_Records supplied:_
+ + + + + + +
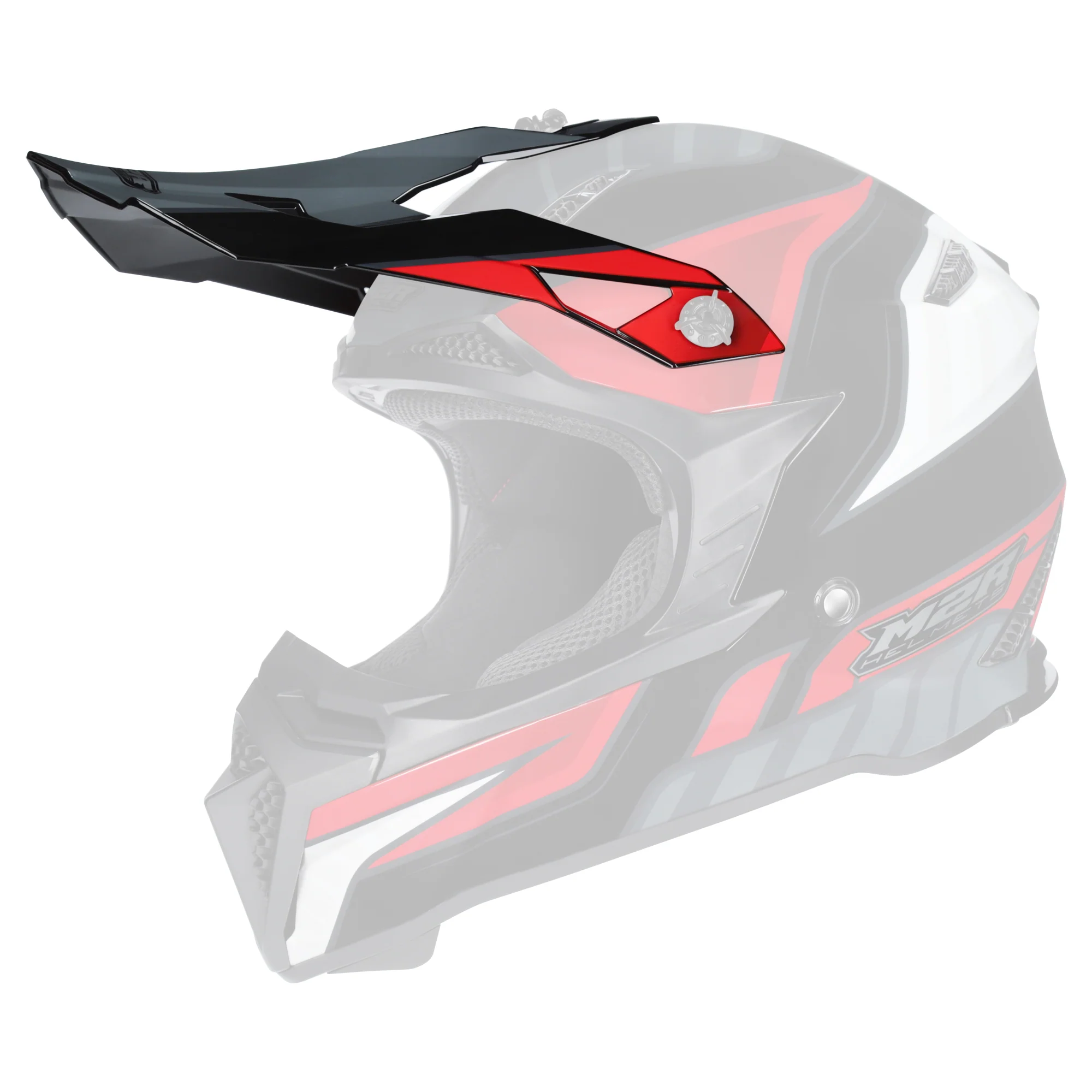 M2R X2.1 Youth Peak Torque PC-1 - Red / Black
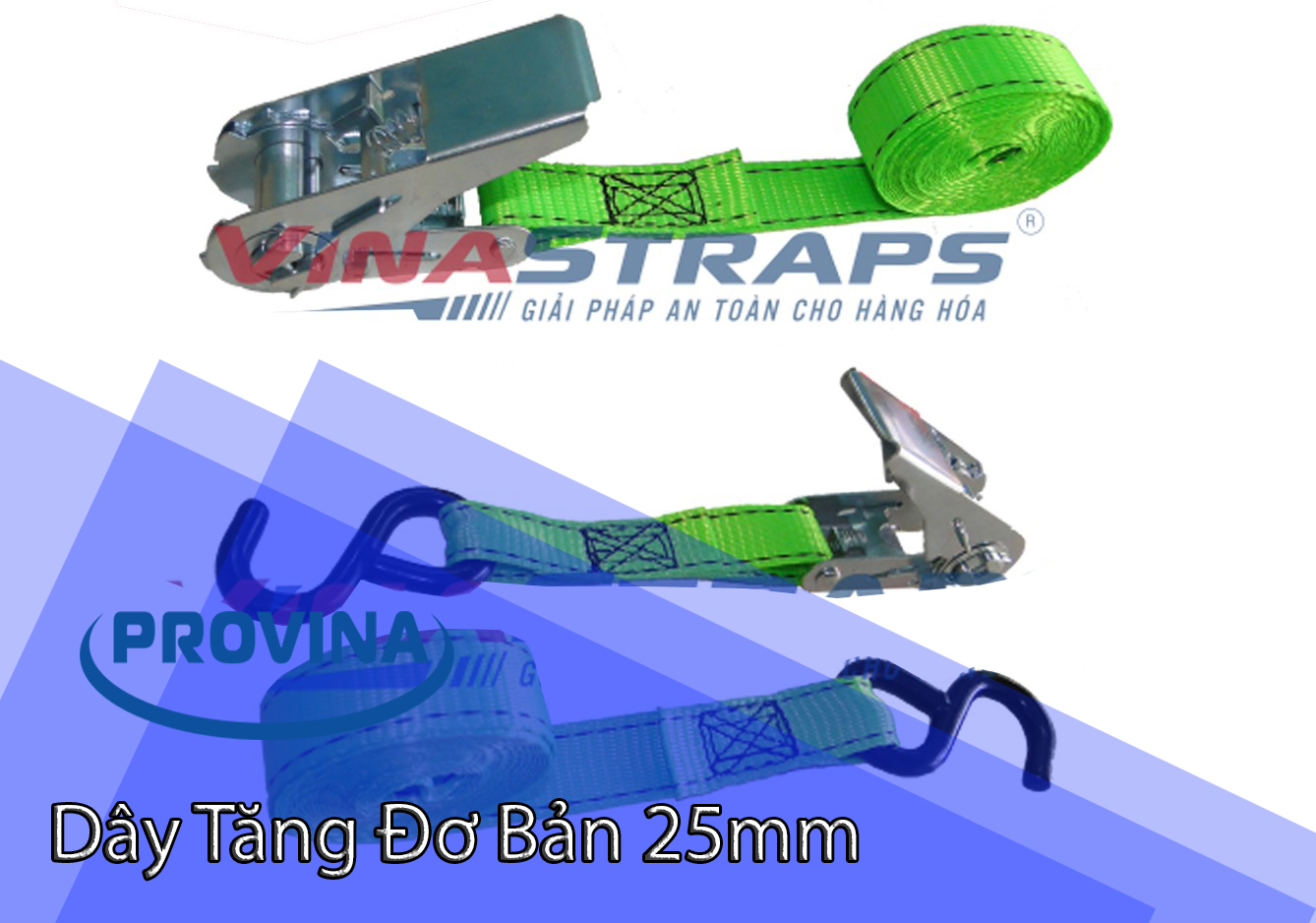 Dây tăng đơ bản 25mm Dây tăng đơ bản 25mm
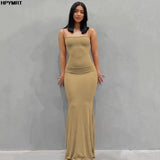 Luxe Satin Slip Maxi Dress
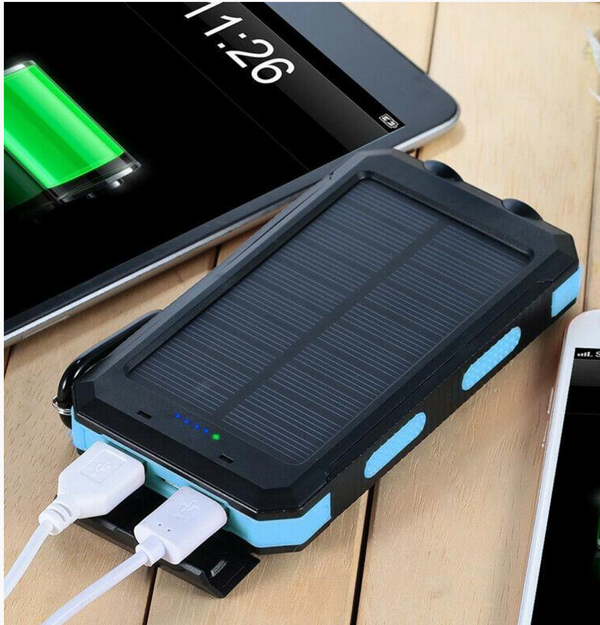 Moderne Solar-Powerbank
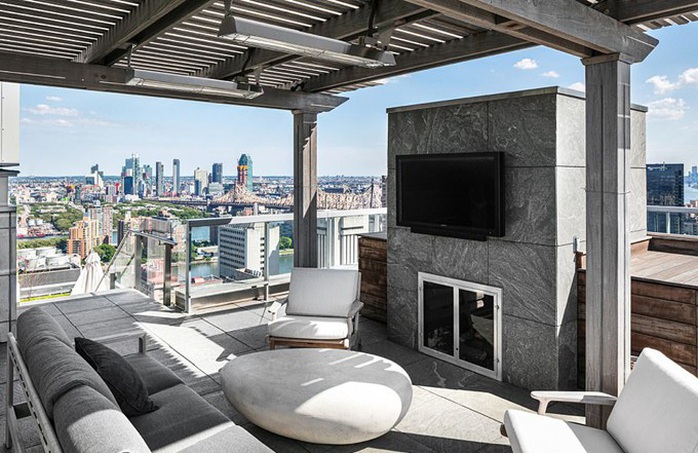 Cận cảnh căn penthouse trị giá hơn 300 tỷ đồng của Jennifer Lawrence - Ảnh 11. Cận cảnh căn penthouse trị giá hơn 300 tỷ đồng của Jennifer Lawrence - Ảnh 11.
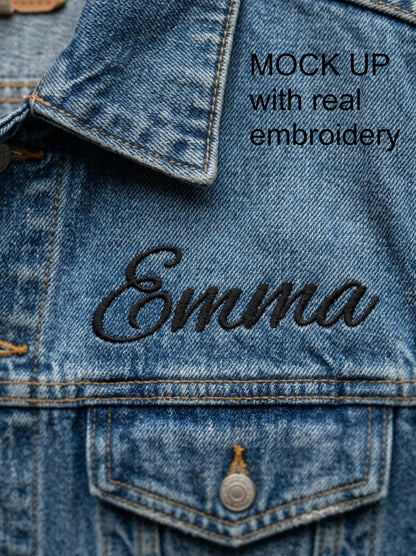 Wed Love Native Bx Embroidery Font | Satin Stitch | 1.25' - 5' | No Ready to stitch Files-Kraftygraphy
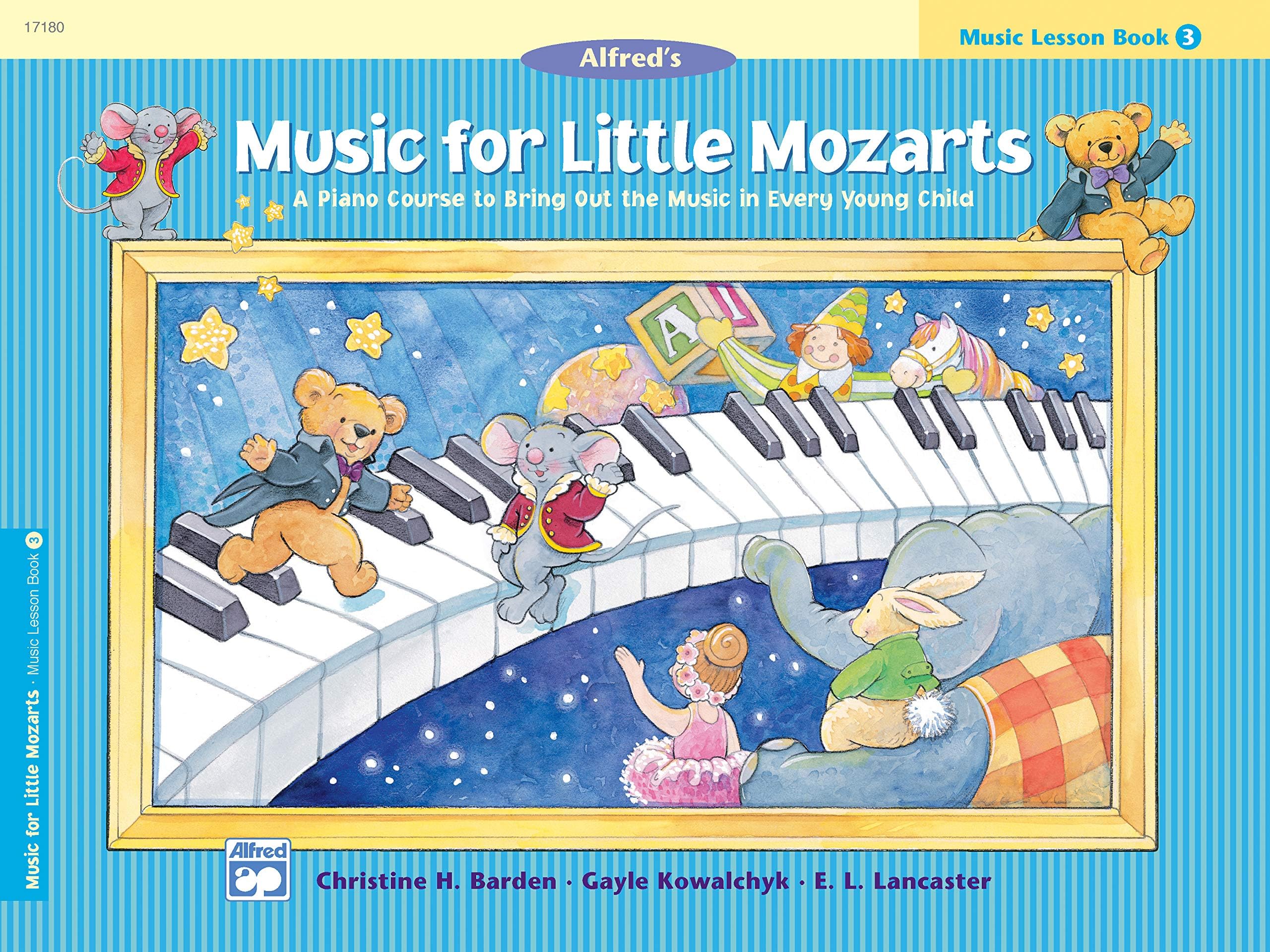 Music For Little Mozarts: Music Lesson Book 3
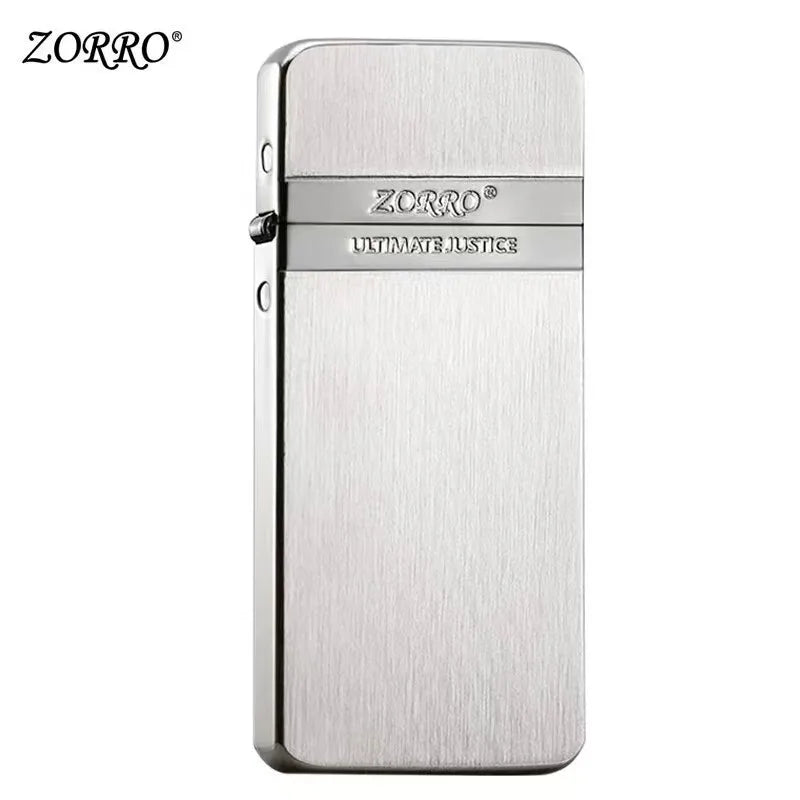 Zorro Ultra-thin Gold Chrome Lighter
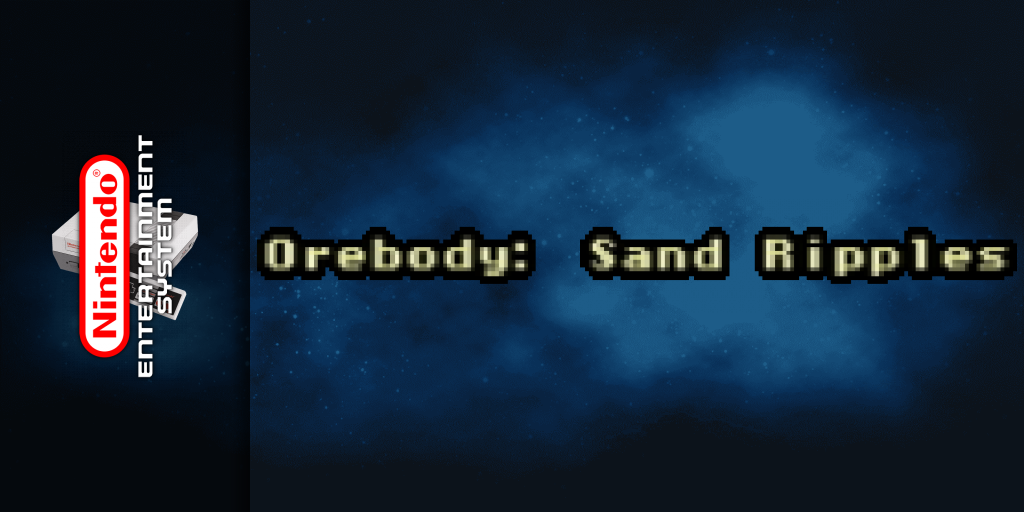 Orebody - Sand Ripples — screenmarquee (WOR)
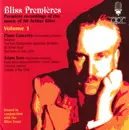 CD - Arthur Bliss , Constant Lambert , Sir Adrian Boult - Bliss Premieres Volume 1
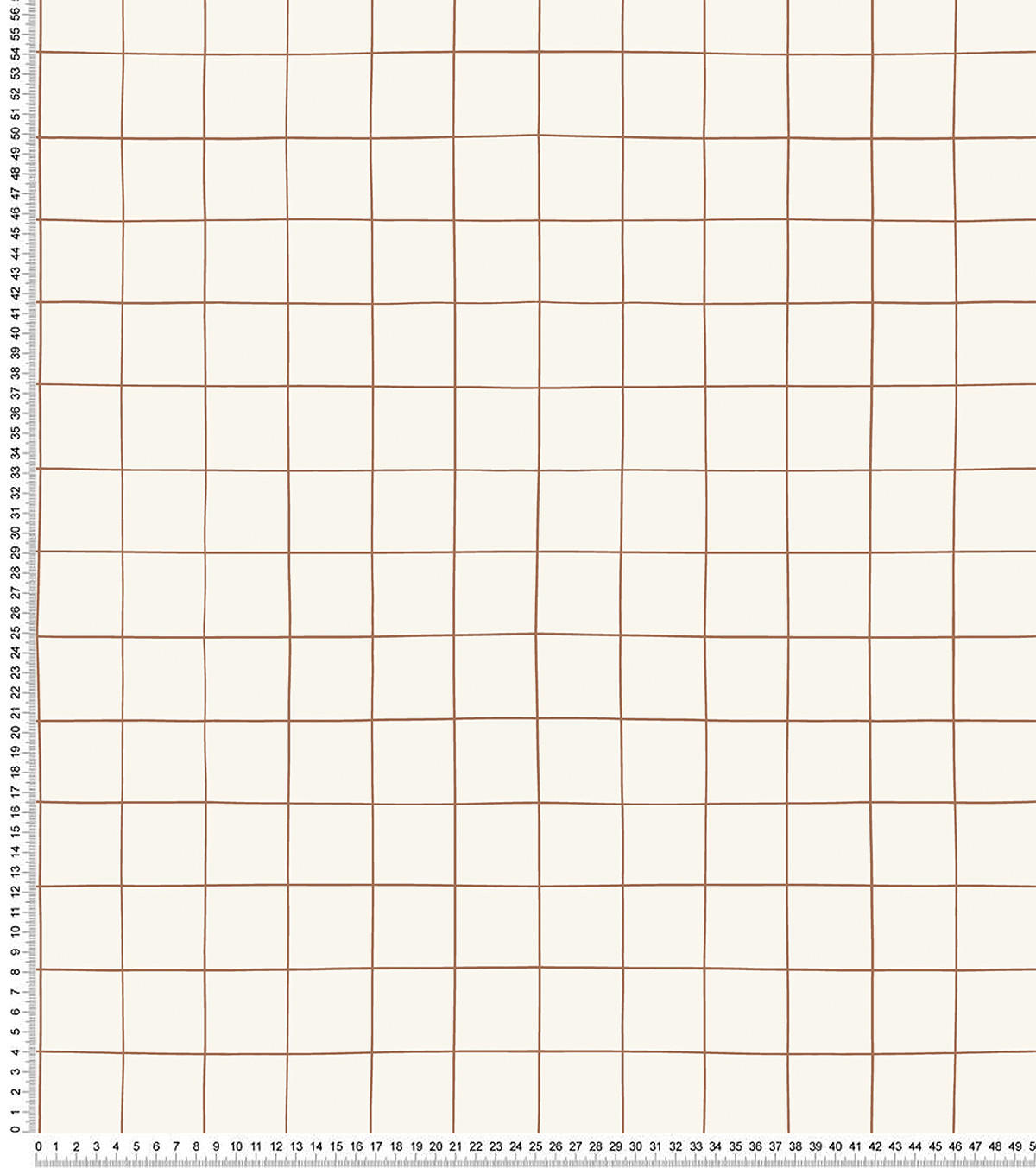 VLIESTAPETE Minima 50 cm x 10 m beige/erde - Beige/Terra cotta, Papier (50/1000cm) - Lilipinso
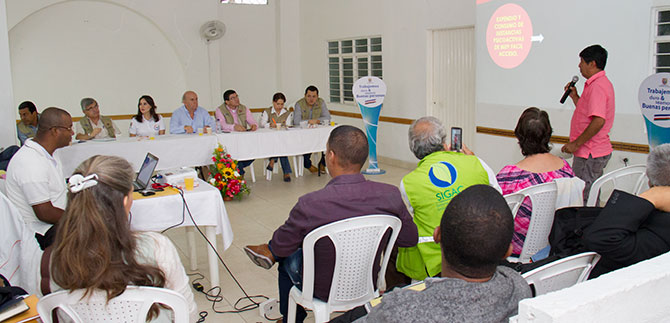 En la comuna 4 se fortalecer�n la cultura y la seguridad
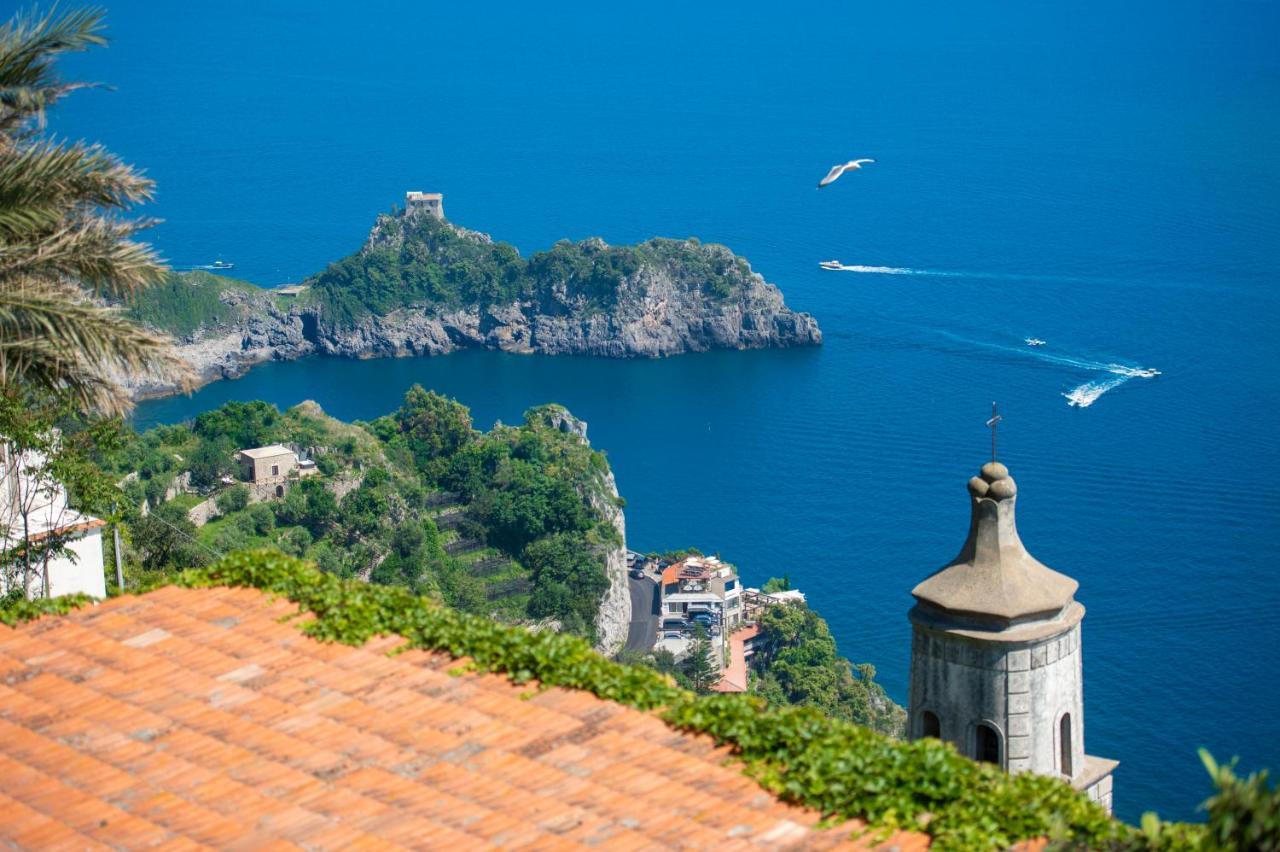 Amalfi Residence Conca dei Marini Zewnętrze zdjęcie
+ + + + + + +
_What is being asked:_
Leave out the pictures, and extract exactly the lines from the one with "VLIESTAPETE Minima 50" through the end of the records, both ends included.

_Exercise result:_
 VLIESTAPETE Minima 50 cm x 10 m beige/erde - Beige/Terra cotta, Papier (50/1000cm) - Lilipinso
 En la comuna 4 se fortalecer�n la cultura y la seguridad
 Amalfi Residence Conca dei Marini Zewnętrze zdjęcie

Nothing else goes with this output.